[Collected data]
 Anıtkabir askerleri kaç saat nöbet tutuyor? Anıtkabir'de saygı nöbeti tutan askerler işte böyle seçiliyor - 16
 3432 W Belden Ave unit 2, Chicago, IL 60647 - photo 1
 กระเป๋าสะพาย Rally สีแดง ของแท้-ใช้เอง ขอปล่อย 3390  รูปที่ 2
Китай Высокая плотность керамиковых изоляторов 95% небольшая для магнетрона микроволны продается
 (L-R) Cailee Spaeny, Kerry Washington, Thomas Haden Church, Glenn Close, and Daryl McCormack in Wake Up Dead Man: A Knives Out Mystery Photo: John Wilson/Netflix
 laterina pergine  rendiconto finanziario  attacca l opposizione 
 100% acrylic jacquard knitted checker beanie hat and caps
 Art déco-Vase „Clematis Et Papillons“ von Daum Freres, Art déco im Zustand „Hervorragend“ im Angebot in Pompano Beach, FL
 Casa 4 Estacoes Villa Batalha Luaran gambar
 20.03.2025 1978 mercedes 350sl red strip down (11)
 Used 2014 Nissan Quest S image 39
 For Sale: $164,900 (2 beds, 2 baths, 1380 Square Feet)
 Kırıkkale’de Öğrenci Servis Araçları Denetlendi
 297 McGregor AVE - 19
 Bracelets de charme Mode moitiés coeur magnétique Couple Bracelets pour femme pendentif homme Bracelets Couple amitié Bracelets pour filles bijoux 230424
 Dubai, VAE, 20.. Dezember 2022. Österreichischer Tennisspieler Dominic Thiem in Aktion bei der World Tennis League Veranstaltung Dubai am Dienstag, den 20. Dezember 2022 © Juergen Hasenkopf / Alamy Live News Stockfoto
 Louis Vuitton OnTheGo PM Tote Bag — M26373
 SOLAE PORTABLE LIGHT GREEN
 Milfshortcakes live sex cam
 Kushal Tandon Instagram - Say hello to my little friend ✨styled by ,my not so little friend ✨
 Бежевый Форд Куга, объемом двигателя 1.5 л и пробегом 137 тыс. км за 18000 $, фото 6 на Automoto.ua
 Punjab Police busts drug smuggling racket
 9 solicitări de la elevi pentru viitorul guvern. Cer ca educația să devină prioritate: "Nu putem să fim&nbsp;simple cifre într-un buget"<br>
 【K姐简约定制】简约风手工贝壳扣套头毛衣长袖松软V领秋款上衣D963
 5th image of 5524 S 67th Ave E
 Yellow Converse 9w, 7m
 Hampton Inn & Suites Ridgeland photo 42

- _Try it_
Only the lines from the one containing "SOLAE PORTABLE LIGHT GREEN" through the last line of the entries above should be copied, exactly as written.

- _Solution for this exercise_
 SOLAE PORTABLE LIGHT GREEN
 Milfshortcakes live sex cam
 Kushal Tandon Instagram - Say hello to my little friend ✨styled by ,my not so little friend ✨
 Бежевый Форд Куга, объемом двигателя 1.5 л и пробегом 137 тыс. км за 18000 $, фото 6 на Automoto.ua
 Punjab Police busts drug smuggling racket
 9 solicitări de la elevi pentru viitorul guvern. Cer ca educația să devină prioritate: "Nu putem să fim&nbsp;simple cifre într-un buget"<br>
 【K姐简约定制】简约风手工贝壳扣套头毛衣长袖松软V领秋款上衣D963
 5th image of 5524 S 67th Ave E
 Yellow Converse 9w, 7m
 Hampton Inn & Suites Ridgeland photo 42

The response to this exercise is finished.